Retrieval Augmented Generation

The IONOS AI Model Hub allows you to combine foundation models and a vector database to implement retrieval augmented generation use cases.

Retrieval augmented generation is an approach that allows you to teach an existing Large Language Model, such as LLama or Mistral, to answer not only based on the knowledge the model learned during training, but also based on the knowledge you specified yourself.

Retrieval augmented generation uses two components:

If one of your users queries your retrieval augmented generation system, you first get the most similar documents from the corresponding document collection. Second, you ask the Large Language Model to answer the query by using both the knowledge it was trained on and the most similar documents from your document collection.

Overview

This tutorial is intended for developers.
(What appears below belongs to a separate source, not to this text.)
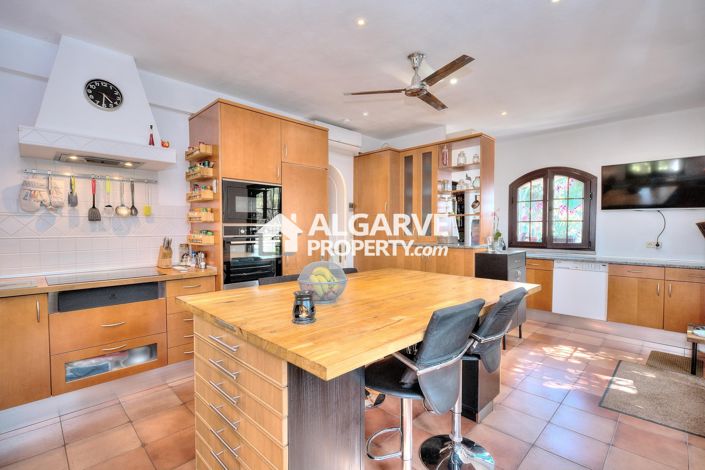 Image No.14-7 Bed Villa for sale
It assumes you have basic knowledge of:

  • REST APIs and how to call them

  • A programming language to handle REST API endpoints (for illustration purposes, the tutorials use Python and Bash scripting)

You should also be familiar with the IONOS:

By the end of this tutorial, you'll be able to: Answer customer queries using a Large Language Model which adds data from your document collections to the answers.

Background

  • The IONOS AI Model Hub API offers both document embeddings and Large Language Models that you can use to implement retrieval augmented generation without having to manage corresponding hardware yourself.
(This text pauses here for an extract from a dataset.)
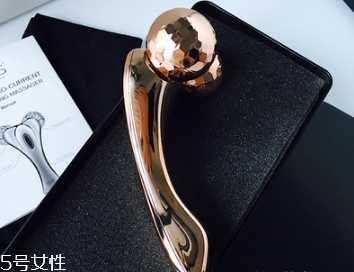 lacues瘦脸仪防水吗?lacues24k玫瑰金瘦脸仪清洗方法 lacues瘦脸仪防水吗?lacues24k玫瑰金瘦脸仪清洗方法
  • Our AI Model Hub API provides all required functionality without your data being transferred out of Germany.

Before you begin

To get started,

  • set up a document collection using Document Embeddings and get the identifier of this document collection.

  • choose a Large Language Model out of our Foundation Models and derive the identifier of this Large Language Model.

You will need both identifiers in the subsequent steps.

Next, you should open your IDE to enter Python code.

  1. Install required libraries

You need to install the modules requests and pandas to your Python environment:

!pip install requests
!pip install pandas

2. Import required libraries

You need to import the following modules:

import requests
import pandas as pd
import base64

3. Generate header for API requests

Next, generate a header document to authenticate yourself against the REST API:

    API_TOKEN = [YOUR API TOKEN HERE]
    header = {
    "Authorization": f"Bearer {API_TOKEN}", 
    "Content-Type": "application/json"
}

After this step, you have installed all Python modules and have one variable header you can use to implement your first retrieval augmented generation use case.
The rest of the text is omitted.